What in our day are the qualities of spirit that we want to emulate? Who do we want to be like when we grow up? What are the traits we admire today, and where do we find them? In sports figures? Movie and television characters? The celebrities who play them? Living and not living saints, sinners, comic book hero and cartoon characters display specific powers of spirit. Their stories are all about that. Personally, I think indigenous people, Native Americans in particular, were wise to recognize and adopt the qualities of animals, birds, reptiles and insects. They made great effort to observe their spirits so they could learn from them how to live in harmony with nature. Without the distractions of human personality, self-seeking, socialization and gamesmanship, the Great Spirit is more evident. Sometimes startlingly so. Just look in the eyes of a jaguar—or your dog or cat.
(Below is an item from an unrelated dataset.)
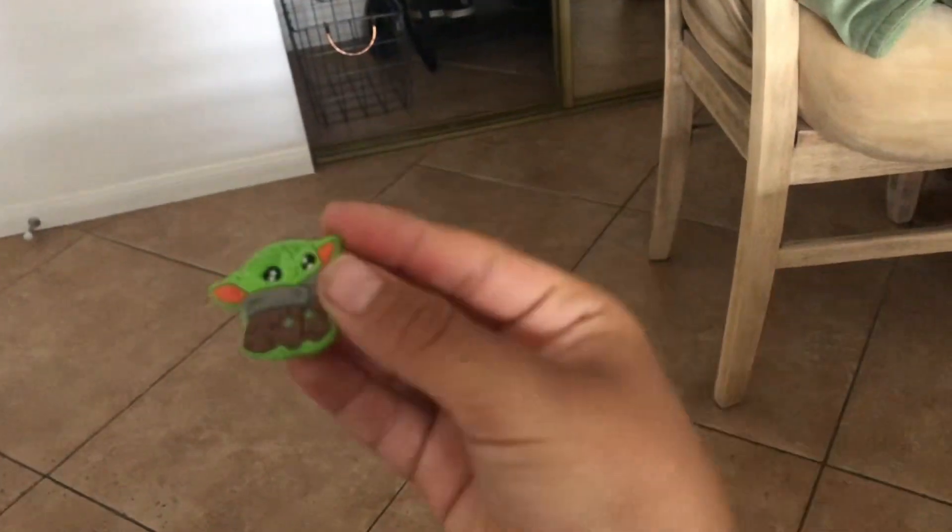So guys, I need to tell you guys something. I'm wearing Crocs right now, and I got these — come on, focus, focus — I got these Croc charm things.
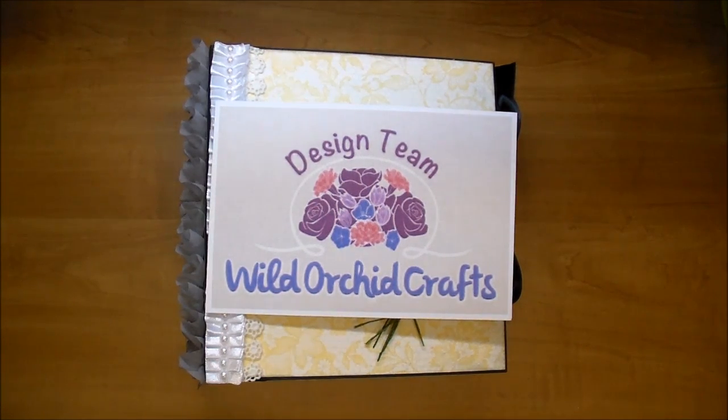Hi, it's Corrine for the Wild Orchid Craft Design Team and today I'm here to share another wedding album. I've shared a few wedding albums in the last couple of months and this is a recent one that I just did and it's a custom order. I will link all the products down in the description box below. I've used a lot of Wild Orchid Craft products so they will all be listed below.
What you’re seeing there is life perfected.
Harmony, when it appears, makes one feel as though one was getting a slight but thrilling intimation of, or even recognition of, a total perfection to which we all really belong.
An animal’s eyes have the power to speak a great language.
Until one has loved an animal a part of one’s soul remains unawakened.
Panthers and jaguars are close cousins genetically. Panthers have spots. Jaguars have florets with spots in the middle. Both can be black overall, but each will have the distinctive marking, just darker. The male and female that I photographed were young and medium-sized. I’ve seen pictures of jaguars that are nearly twice this size.
ABOUT THESE IMAGES
On line I discovered that the closest zoo that had jaguars was in Akron, Ohio. I wanted to shoot a cover for my second novel, Jaguar Wind and Waves, so I called ahead and they assured me that I could photograph two of them—close up but behind glass. Photographing animals through glass is never desirable, so I was pleasantly surprised when I arrived and was guided to the display by an administrator. The architect of the jaguar display was apparently someone who understood that people would want to take pictures of these beautiful animals without annoying reflections. So while the cats were outdoors with lots of vegetation, rocks and trees to climb on, we humans were behind clean glass with a fully enclosed and dark grotto surround us, eliminating reflections. What a delight!
I had the shot I wanted—of just the side of a jaguar to show the black florets—an hour after my arrival. But I was so taken by the jaguars and having so much fun photographing I stayed another day and made close to two hundred exposures. It has long been on my bucket list to pet a jaguar, but that wasn’t possible. Understandably.